3- Corrupção Total. A Declaração de Fé das Assembléias de Deus no Brasil, em seu capítulo IX, que trata do pecado e suas consequências, declara o seguinte sobre a corrupção total do ser humano: “A Queda no Éden arruinou toda a humanidade tão profundamente que transmitiu a todos os seres humanos a tendência ou inclinação para o pecado. Não somente isso, contaminou toda a humanidade: “não há um justo sequer” (Rm 3.10); “Porque todos pecaram e destituídos estão da glória de Deus” (Rm 3.23). A natureza moral foi corrompida, e o coração humano tornou-se enganoso e perverso. Todas as pessoas estão mortas em ofensas e pecados; são inimigas de Deus e escravas do pecado. A corrupção do gênero humano atingiu o homem em toda a sua composição — corpo, alma e espírito”.
O pecado corrompeu todas as áreas da natureza humana. Sendo assim, o ser humano é totalmente incapaz de, por si mesmo, praticar o que é espiritualmente bom ou buscar a Deus. Com a corrupção geral da natureza humana, o ser humano morreu espiritualmente em seus pecados e delitos (Ef 2.1). A teologia chama isso de “depravação total”. Há debates históricos sobre isso, entre calvinistas e arminianos. Entretanto, a divergência entre eles não consiste na depravação total, pois ambos concordam que todo o indivíduo: espírito, alma e corpo, estão maculados pelo pecado.

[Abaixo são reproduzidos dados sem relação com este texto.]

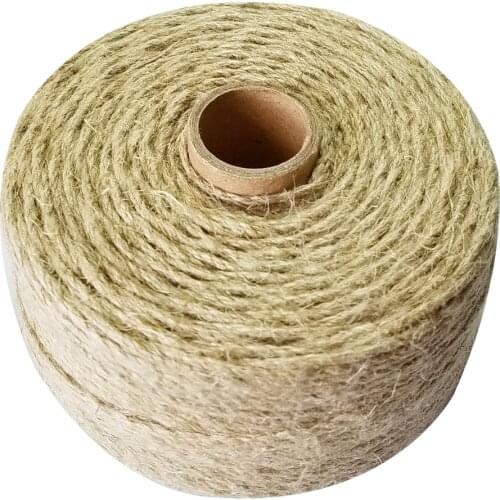 100% Natural linen twine cords 100m/roll macrame rope for decoration handmade DIY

João Calvino defendia que Deus, em sua soberania, decidiu salvar alguns pecadores, deixando o restante da humanidade pecadora destinada à perdição e tormento eternos. Segundo o ensino de Calvino, o ser humano, após a queda, não possui o livre arbítrio ou a liberdade para escolher obedecer a Deus ou não. Os calvinistas ou monergistas defendem que todos os seres humanos foram corrompidos totalmente pelo pecado e que não tem condições nenhuma de se voltarem para Deus.

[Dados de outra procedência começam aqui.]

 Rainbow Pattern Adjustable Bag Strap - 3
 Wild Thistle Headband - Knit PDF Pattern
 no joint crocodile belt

Jacob Arminius, por sua vez, defendia também a depravação total, inclusive do livre-arbítrio. Mas defendia que o ser humano recebe de Deus a Graça preveniente, que o torna capaz de entender o Evangelho através do Espírito Santo e pode escolher aceitá-lo ou rejeitá-lo. Segundo a definição do pastor e teólogo, Altair Germano, “Graça preveniente se refere ao amor de Deus em ação, que toma a iniciativa em relação ao homem caído, e não somente no sentido de propiciar a salvação, mas também no sentido de habilitá-lo a recebê-la e atraí-lo a ela, concedendo-lhe assim a possibilidade de corresponder livremente com arrependimento e fé quando Deus o atrai a si.” Através da Graça preveniente, o livre-arbítrio do ser humano para escolher ou rejeitar as coisas de Deus é resgatado.
A Assembléia de Deus, embora não se afirme diretamente em sua Declaração de Fé como arminiana, as doutrinas da salvação e do pecado conforme expostas por Jacob Arminius estão presentes na teologia assembleiana. Cremos na depravação total do ser humano e também no livre-arbítrio concedido por Deus para este decidir seguir a Cristo para ser salvo, ou rejeitá-lo e ser condenado. Entretanto, ressaltamos que o homem, por si mesmo, em sua natureza pecaminosa, não tem condições de fazer isso sem a ação do Espírito Santo.
REFERÊNCIAS:
BATISTA, Douglas. A Igreja de Cristo e o império do mal: Como viver neste mundo dominado pelo espírito da Babilônia. 1ª Ed. Rio de Janeiro: CPAD, 2023.
SOARES, Esequias. Declaração de Fé das Assembleias de Deus. 1ª Edição. Rio de Janeiro: CPAD, 2017, p. 58.
HORTON, Stanley. Teologia Sistemática: Uma Perspectiva Pentecostal. Rio de Janeiro: CPAD, 201 p.263
CALVINO, João. A instituição da religião cristã. Tomo 2 (livros II e IV). Edição integral de 1559. Tradução de Elaine C. Sartorelli e Omayr J. de Moraes Jr. São Paulo: Editora UNESPE, 2009, p. 380.
DANIEL, Silas. Arminianismo: a mecânica da salvação. Rio de Janeiro: CPAD, 2017, p. 367.
A Graça Preveniente – Blog do Pr. Altair Germano.